#### [Captioned web images]
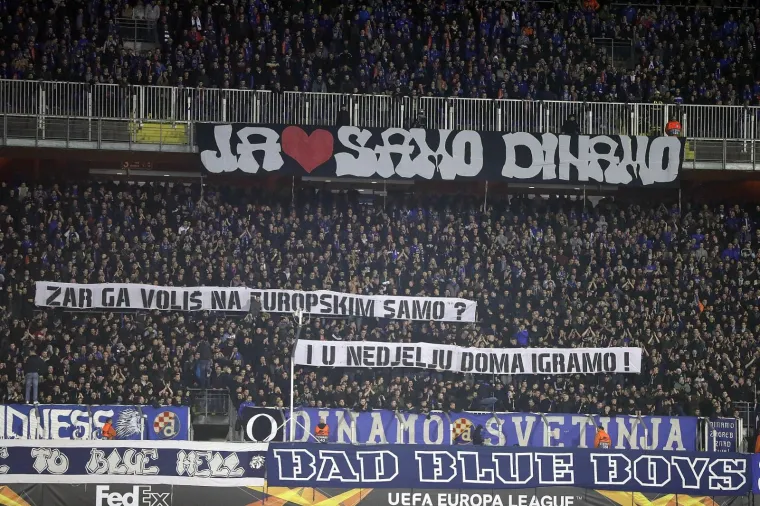 Slučaj je ove i ranijih sezona da europske utakmice pune s maksimirske tribine, ali kada Dinamo igra u HNL-u, Maksimir je prazan. Zbog toga su Bad Blue Boysi dna utakmici S Plzenom podignu transparent s porukom: "Zar ga voli&scaron; na europskim samo? I u nedjelju doma igramo!" Dinamo tada igra protiv Osijeka.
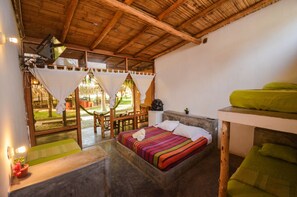 Habitació quàdruple Grand (Quintuple room) | Roba de llit d'alta qualitat, cortines opaques i wifi gratuïta 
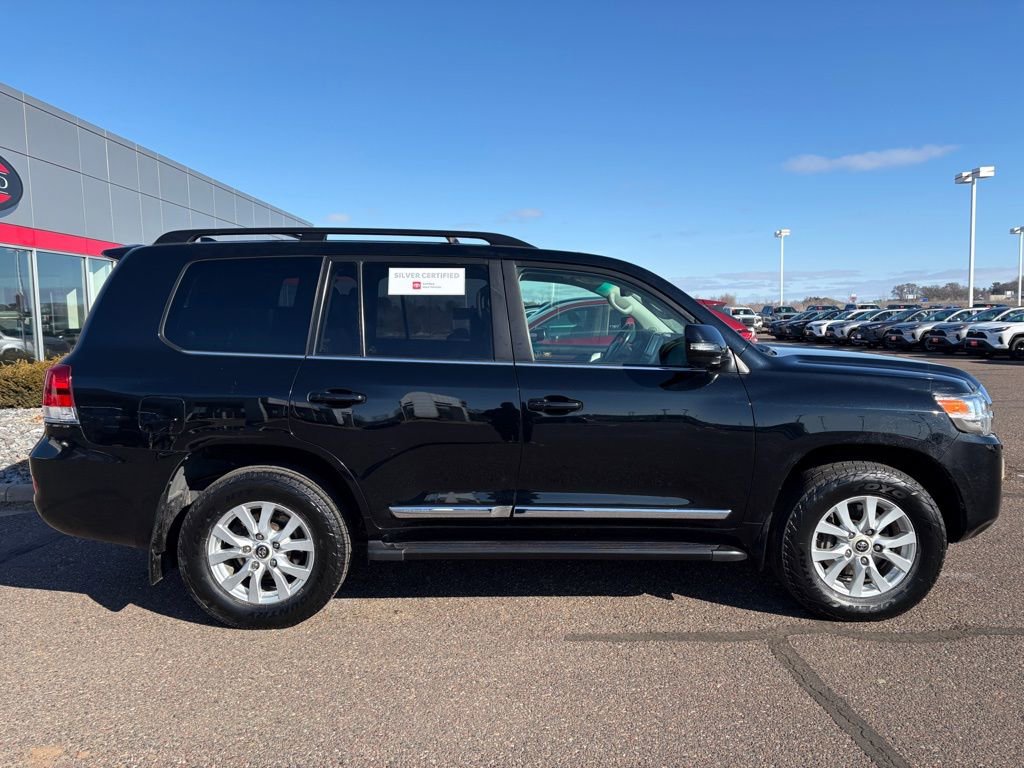 Certified 2016 Toyota Land Cruiser AWD/4WD image 2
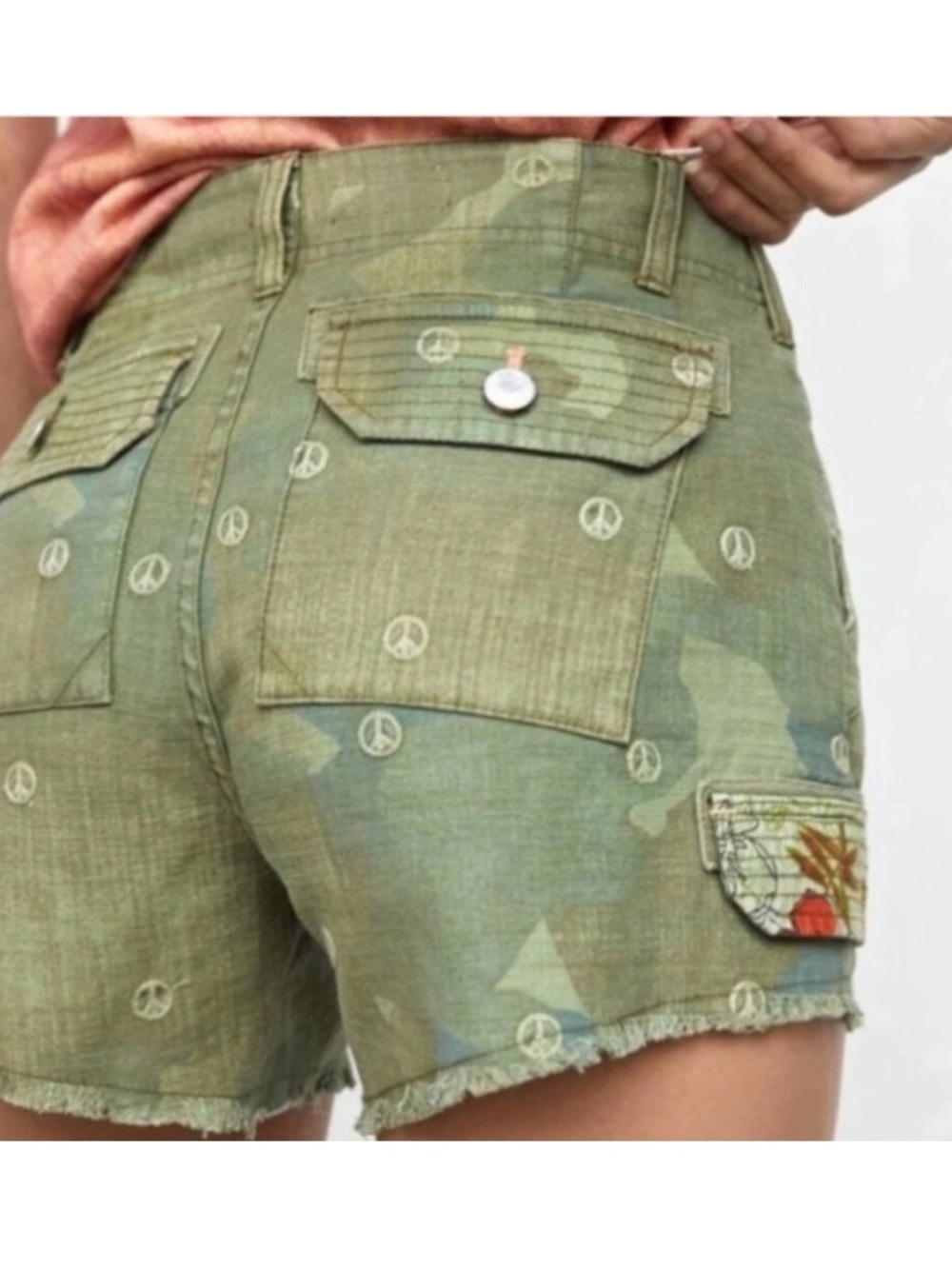 Anthropologie Pilcro Peace Camo Shorts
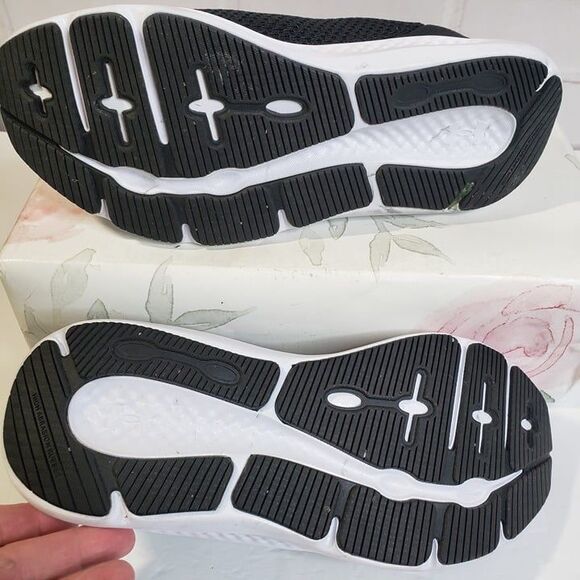 Under Armour Charged Pursuit Black Canvas Sneakers womens 7.5 Athletic Shoes - Picture 7 of 8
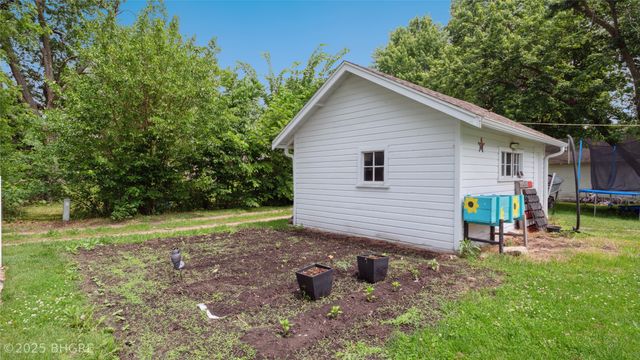 409 W Filmore Street, Winterset, IA 50273
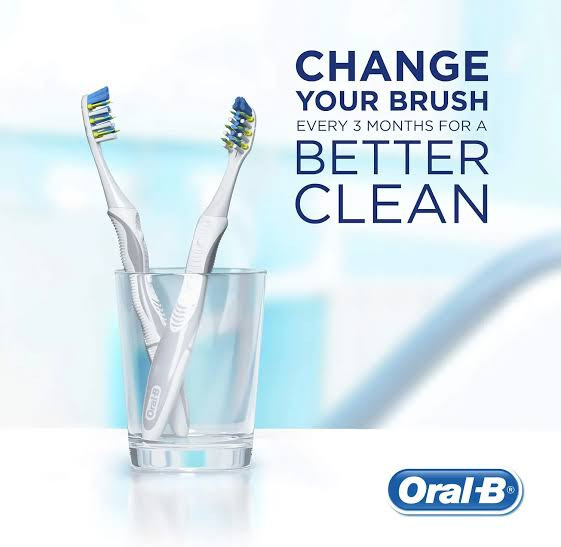 مسواک اورال بی Criss Cross Deep Clean – برس متوسط، بسته ۲ عددی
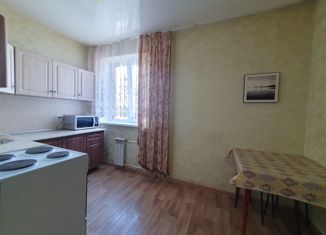 Сдается в аренду двухкомнатная квартира, 61 м2, Ульяновск, улица Кролюницкого, 15А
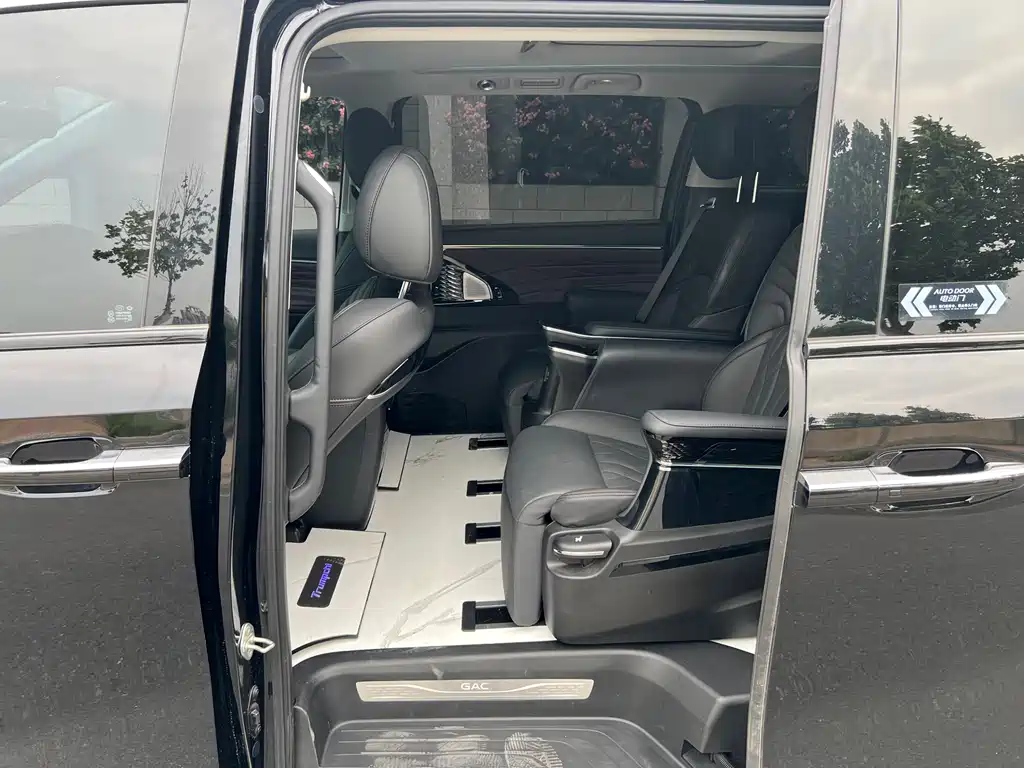 GAC Motor Trumpchi M8 2025 — фото 7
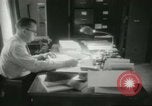 Immagine di Le attività amministrative a MAAG edificio A Bagdad in Iraq, 1956, secondo 47 filmato di repertorio 65675022188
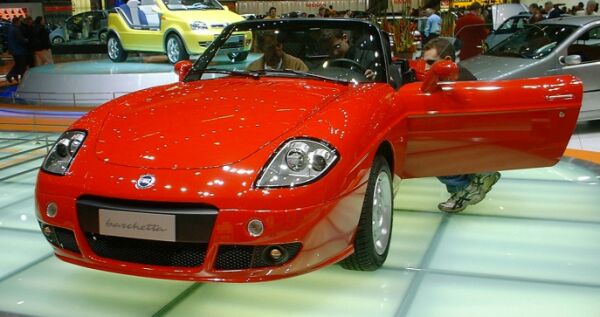 click here to see this image of the Fiat Barchetta in high resolution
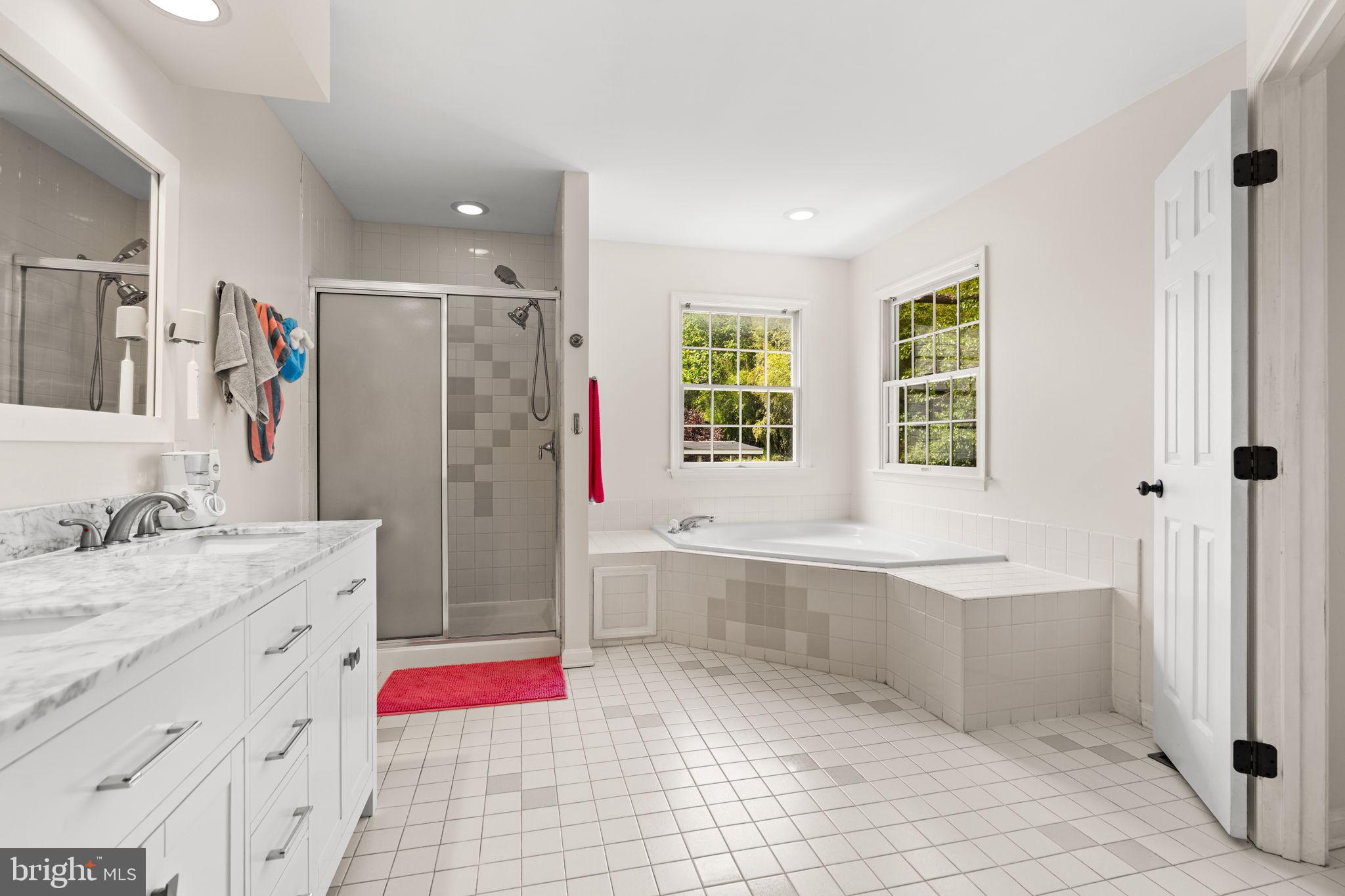 HUNTERS RUN - Residential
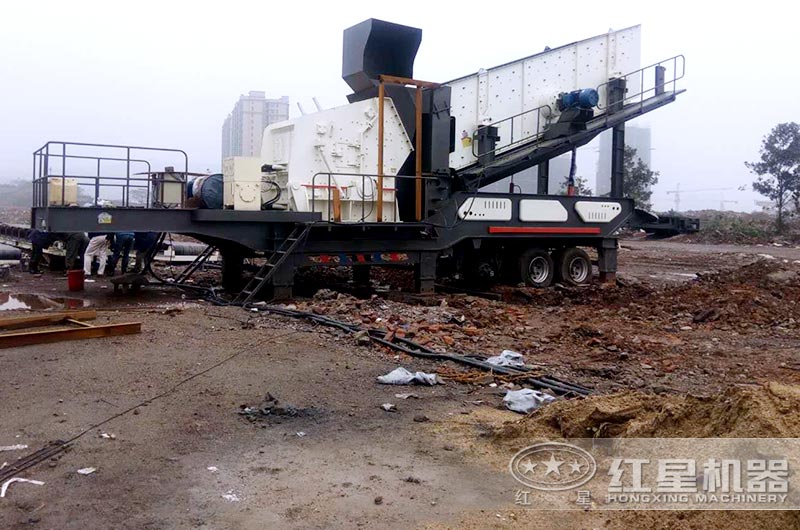 移動(dòng)反擊破碎機(jī)處理建筑垃圾現(xiàn)場(chǎng) 移動(dòng)反擊破碎機(jī)處理建筑垃圾現(xiàn)場(chǎng)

#### [Prompt]
None of the pictures should appear, though every line of the data above must be reproduced exactly.

#### [Output below]
 Slučaj je ove i ranijih sezona da europske utakmice pune s maksimirske tribine, ali kada Dinamo igra u HNL-u, Maksimir je prazan. Zbog toga su Bad Blue Boysi dna utakmici S Plzenom podignu transparent s porukom: "Zar ga voli&scaron; na europskim samo? I u nedjelju doma igramo!" Dinamo tada igra protiv Osijeka.
 Habitació quàdruple Grand (Quintuple room) | Roba de llit d'alta qualitat, cortines opaques i wifi gratuïta 
 Certified 2016 Toyota Land Cruiser AWD/4WD image 2
 Anthropologie Pilcro Peace Camo Shorts
 Under Armour Charged Pursuit Black Canvas Sneakers womens 7.5 Athletic Shoes - Picture 7 of 8
 409 W Filmore Street, Winterset, IA 50273
 مسواک اورال بی Criss Cross Deep Clean – برس متوسط، بسته ۲ عددی
 Сдается в аренду двухкомнатная квартира, 61 м2, Ульяновск, улица Кролюницкого, 15А
 GAC Motor Trumpchi M8 2025 — фото 7
 Immagine di Le attività amministrative a MAAG edificio A Bagdad in Iraq, 1956, secondo 47 filmato di repertorio 65675022188
 click here to see this image of the Fiat Barchetta in high resolution
 HUNTERS RUN - Residential
 移動(dòng)反擊破碎機(jī)處理建筑垃圾現(xiàn)場(chǎng) 移動(dòng)反擊破碎機(jī)處理建筑垃圾現(xiàn)場(chǎng)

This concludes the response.